Welcome to the scikit-validate documentation!¶
scikit-validate¶
Free software: Apache Software License 2.0
Documentation: https://scikit-validate.readthedocs.io.
Overview¶
scikit-validate is a validation package for science output developed within F.A.S.T.. This package provides commands for monitoring and comparing analysis outputs, computing resource usage (e.g. CPU time/RAM) as well as commands for summarising findings.
It is meant to provide analysis groups or small experiments with some of the fundamental features needed tovalidate (i.e. compare to a reference) the outcomes of their code and to provide easy access to the results.
Features¶
Collect metrics in JSON output * measure file metrics (e.g. size) * measure execution time and memory usage * compare to previous executions
compare ROOT files & plot discrepancies
create validation reports
Credits¶
This package was created with Cookiecutter and the audreyr/cookiecutter-pypackage project template.
Make a new RELEASE¶
export RELEASE=X.Y.Z
export CHANGELOG_GITHUB_TOKEN=<your github token>
make release
Installation¶
Stable release¶
To install scikit-validate, run this command in your terminal:
$ pip install skvalidate
This is the preferred method to install scikit-validate, as it will always install the most recent stable release.
If you don’t have pip installed, this Python installation guide can guide you through the process.
From sources¶
The sources for scikit-validate can be downloaded from the GitLab repo.
You can either clone the public repository:
$ git clone https://gitlab.cern.ch/fast-hep/public/scikit-validate.git
Once you have a copy of the source, you can install it with:
$ python setup.py install
Quickstart¶
Storing resource usage¶
Especially when constrained by available computing resources it is good to keep an eye on the resource usage of your analysis/application.

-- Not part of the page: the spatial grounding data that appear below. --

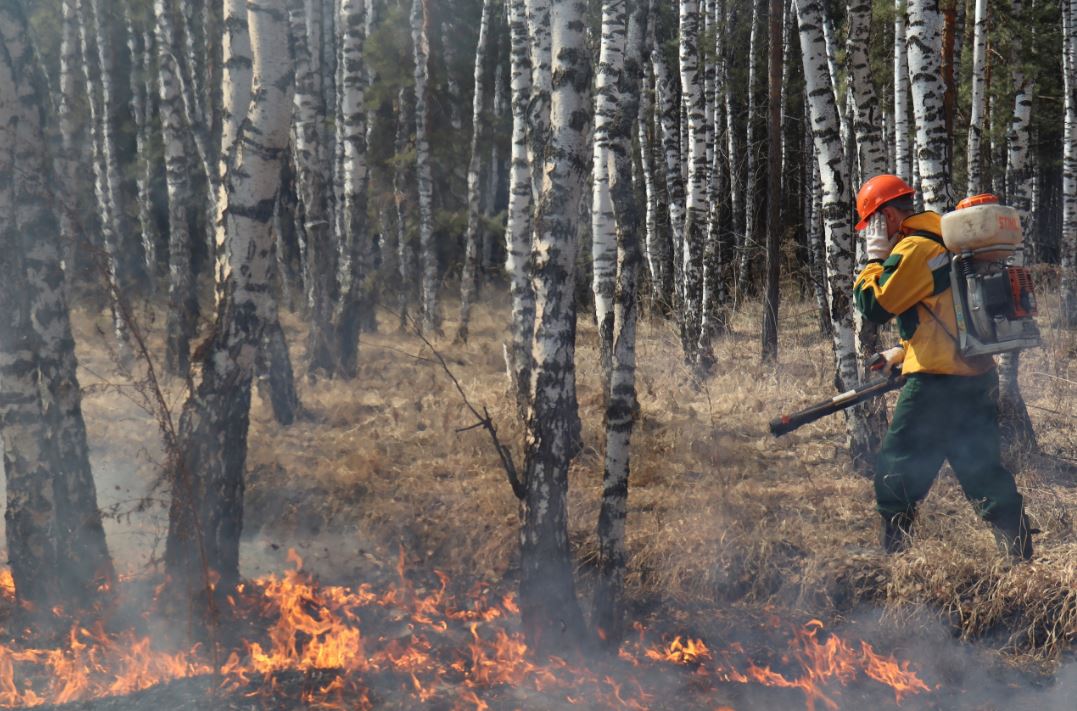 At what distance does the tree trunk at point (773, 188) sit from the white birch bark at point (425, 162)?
5.60m

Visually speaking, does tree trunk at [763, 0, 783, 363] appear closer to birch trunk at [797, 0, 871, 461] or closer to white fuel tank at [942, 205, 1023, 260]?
birch trunk at [797, 0, 871, 461]

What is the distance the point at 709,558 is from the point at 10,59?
16.3 ft

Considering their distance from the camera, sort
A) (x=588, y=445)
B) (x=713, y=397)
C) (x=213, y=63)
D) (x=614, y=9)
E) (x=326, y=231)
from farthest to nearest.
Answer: (x=213, y=63) → (x=326, y=231) → (x=713, y=397) → (x=588, y=445) → (x=614, y=9)

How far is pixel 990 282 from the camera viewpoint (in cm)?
456

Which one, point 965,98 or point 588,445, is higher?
point 965,98

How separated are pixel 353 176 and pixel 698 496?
6703 mm

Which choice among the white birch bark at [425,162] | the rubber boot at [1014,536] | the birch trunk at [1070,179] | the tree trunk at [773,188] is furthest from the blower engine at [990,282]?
the white birch bark at [425,162]

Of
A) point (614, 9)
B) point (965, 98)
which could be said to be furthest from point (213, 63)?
point (965, 98)

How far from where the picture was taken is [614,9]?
5145mm

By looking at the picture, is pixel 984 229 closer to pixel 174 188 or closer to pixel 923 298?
pixel 923 298

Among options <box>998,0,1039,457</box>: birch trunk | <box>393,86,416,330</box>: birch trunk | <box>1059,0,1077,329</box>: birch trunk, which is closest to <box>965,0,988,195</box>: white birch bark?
<box>998,0,1039,457</box>: birch trunk

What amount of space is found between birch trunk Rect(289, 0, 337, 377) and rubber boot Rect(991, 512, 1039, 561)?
26.1ft

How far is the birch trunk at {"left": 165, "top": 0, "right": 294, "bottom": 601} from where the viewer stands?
4.84 m

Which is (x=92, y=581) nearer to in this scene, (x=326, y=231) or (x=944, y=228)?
(x=944, y=228) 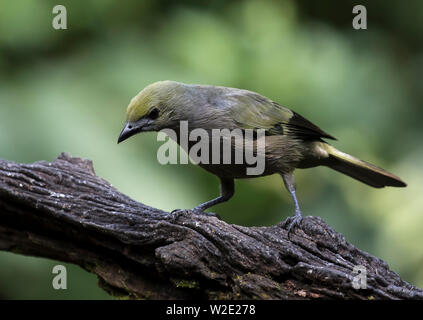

For this purpose we provide the sv_execute command which encapsulates the script/executable and periodically checks the memory usage as well as reports the time taken at the end.
The following will execute stress --cpu 1 --io 1 --vm 1 --vm-bytes 128M --timeout 10s --verbose
and output the resource usage into the resource_metrics.json
file.
sv_execute -m resource_metrics.json \ -- \ stress --cpu 1 --io 1 --vm 1 --vm-bytes 128M --timeout 10s --verbose
In the first part, sv_execute -m resource_metrics.json
, we set the parameters for sv_execute
. --
marks the end of sv_execute
parameters, everthing after that is considered as the command (and parameters) to be executed.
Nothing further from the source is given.